I use a hub-generator powered LED lighting system in my bicycle, made by myself using rectifier, capacitor, and Zener. It's working very well for many years, the Zener does not get hot, and the high-speed voltage is very stable:
Now I want to modify the system, by introducing the possibility to turn the system load off. My first idea was to add a switch before system load, but preliminary tests show that if I disconnect the load and spin the generator, an excess current flows through the zener, as expected, and it gets very hot very fast.
I suppose that, with an always-on system load, there is no excess current through the zener, since the power from the generator (not much more than 3W / 0.5A) is well balanced with the load), and I can use the Zener as a current sink (that's why I chose a 5W zener in the first place).
But with a load that can be switched off, I think I should redesign the circuit in a way that the zener acts as a reference, and another type of "turn off switching" occurs.
I imagine there could be some configuration using perhaps a mosfet, but my knowledge is not enough to devise a safe, energy-efficient and effective configuration.
My goal is to have a simple-but-effective circuit that powers the system load, when present, with a clamped voltage, while preventing excessive, shunted current flow if the system load is switched off.
Some important considerations:
- It is not enough to move the switch to the hub output, since my goal is, quite soon, to add a battery and a micro-controller to the system, in a way that no actual, physical switch will be present - I want the system to be "smart", in an "always on" sense, and this would be an initial step towards a DIY, poor-man's power-path management;
- I'm not sure about this, but I think a 7806 regulator is not a good fit, since I don't have enough voltage drop (RMS voltage under load is quite close do 6V). Correct me if I'm wrong;
- The hub generates relatively large voltage spikes when running without load (more than 5V), and the capacitor I am using (6800 uF) is rated at 16V. So of course any solution should prevent the large voltage spikes to raise the capacitor voltage above its limit.

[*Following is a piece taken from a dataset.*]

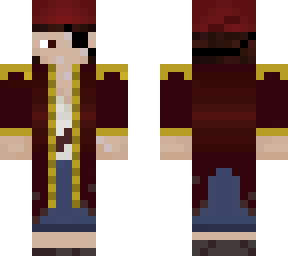 skintober: day 7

UPDATE (in response to Peufeu's answer):
Your hub is a current source;
Your description fits perfectly with the manufacturer's, a lot of tests I have already seen online made by other technically-oriented bicyclists, and with my own experience as a bike and DIY electronics enthusiast. The voltages and waveforms vary a lot as a function of speed and load, but the current has a characteristic plateau around 500mA.
You want to use the dynamo to charge a battery or power a load, but when the battery is fully charged (or the load is off) then what to do?
Then I would like the rest of the circuit to behave as it was open, or with a high resistance/impedance, so that no significant current is drawn from the hub.
(...) you can safely short it. (...) it won't waste your muscle power.
Now this contradicts my practical experience. I happen to have wheel in a test stand beside my desk right now. If I spin it connected to some circuit, I can see the wheel decelerating. If I spin it without load, it runs much longer, almost as if it wasn't a generator hub at all. But if I spin it short-circuited, the deceleration is very pronounced, so I prefer not to consider this option.
it can actually output scary voltages open circuit (...) which will destroy any (...) kind of series regulator, LDO, switching regulator, etc.
I agree, and irrespective of any other solution I eventually adopt, I will always put some 5W zener in the circuit to shunt these voltage spikes. I suppose, though, that by then I could choose a larger value (16V or 25V, depending on the capacitor rating, seems to be fine) just "for the emergency".
The idea is to add a comparator (...) Make sure you add lots of hysteresis in the comparator.
That's what I want to do: use a voltage comparator to somehow detect "states" in my system, and switch the proper power paths on and off. I only would prefer to leave the hub circuit open when no load is present, instead of short-circuit.